Use Equation 16A-3 from Method 16A to calculate the concentration of system performance check gas generated. Calibrate the flow rate from both gas sources with a soap bubble flow meter so that the diluted concentration of H 2 S can be accurately calculated. Alternatively, mass flow controllers with documented calibrations may be used if UHP grade air is being used.
Sample duration should be sufficiently long to ensure a stable response from the analyzer. Analyze in the same manner as the emission samples. Collect the sample through the probe of the sampling train using a manifold or other suitable device that will ensure extraction of a representative sample. The TRS sample concentration measured between system performance checks is corrected by the average of the pre- and post-system performance checks. Same as in Method 7E, section 8.
Condition the citrate buffer scrubbing solution by pulling stack gas through the Teflon impingers as described in section 8. After the complete measurement system has been set up at the site and deemed to be operational, the following procedures must be completed before sampling is initiated. Appropriate leak-check procedures must be employed to verify the integrity of all components, sample lines, and connections.
For components upstream of the sample pump, attach the probe end of the sample line to a manometer or vacuum gauge, start the pump and pull a vacuum greater than 50 mm 2 in.
Hg, close off the pump outlet, and then stop the pump and ascertain that there is no leak for 1 minute. For components after the pump, apply a slight positive pressure and check for leaks by applying a liquid detergent in water, for example at each joint. Bubbling indicates the presence of a leak. A system performance check using the test gas Section 7. Condition the sampling system and citrate buffer solution for a minimum of 15 minutes before beginning analysis.
Begin sampling and analysis. A source test consists of three test runs. A test run shall consist of a single sample collected over a 3-hour period or three separate 1-hour samples collected over a D.C.

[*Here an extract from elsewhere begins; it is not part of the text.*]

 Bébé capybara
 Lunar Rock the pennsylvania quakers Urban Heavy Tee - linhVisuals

LaRue - Star Baby (Vinyl, LP, Album) not to exceed six hours. Perform a post-run system performance check before replacing the citrate buffer solution and particulate filter and before the probe is cleaned. If this limit is exceeded, the intervening run is considered invalid. After a run or series of runs, not to exceed a hour period after initial calibration, perform a calibration drift test using a calibration gas preferably the level that best approximates the sample concentration in direct calibration mode.

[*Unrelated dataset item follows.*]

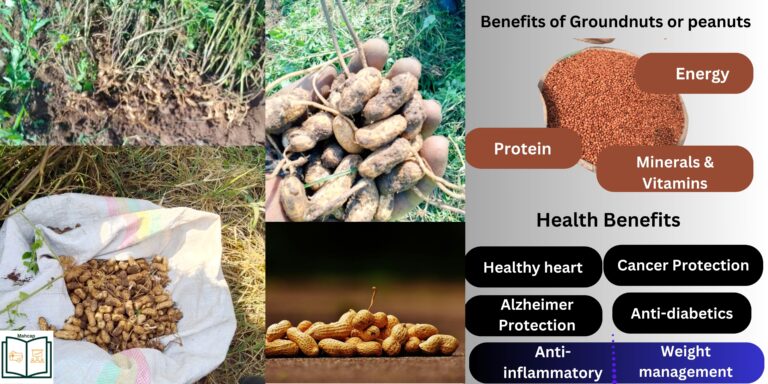 Nutrition and Health Benefits of Groundnuts/Peanuts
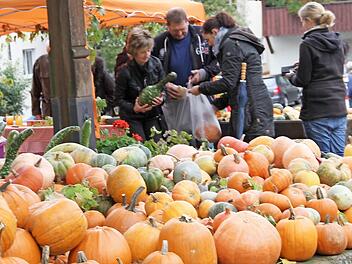 Auch wenn es in diesem Jahr an Obst mangelte, das Angebot an Kürbissen ließ keinen Wunsch offen.  Fotos: Gerda Völk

This drift must not differ from the initial calibration error percent by more than 3. If the drift exceeds this limit, the intervening run or runs are considered valid, but a new analyzer calibration error test must be performed and passed before continuing sampling. Perform the initial 3-point calibration error test as described in section 8.
The specification in section 13 Mona Lisa be met. Conduct an initial system performance test described in section 8.
After the test commences, a system performance check is required after each run. You must include a copy of the manufacturer's certification of the calibration gases used in the testing as part of the test report. Because sample collection and analysis are performed together see section 8.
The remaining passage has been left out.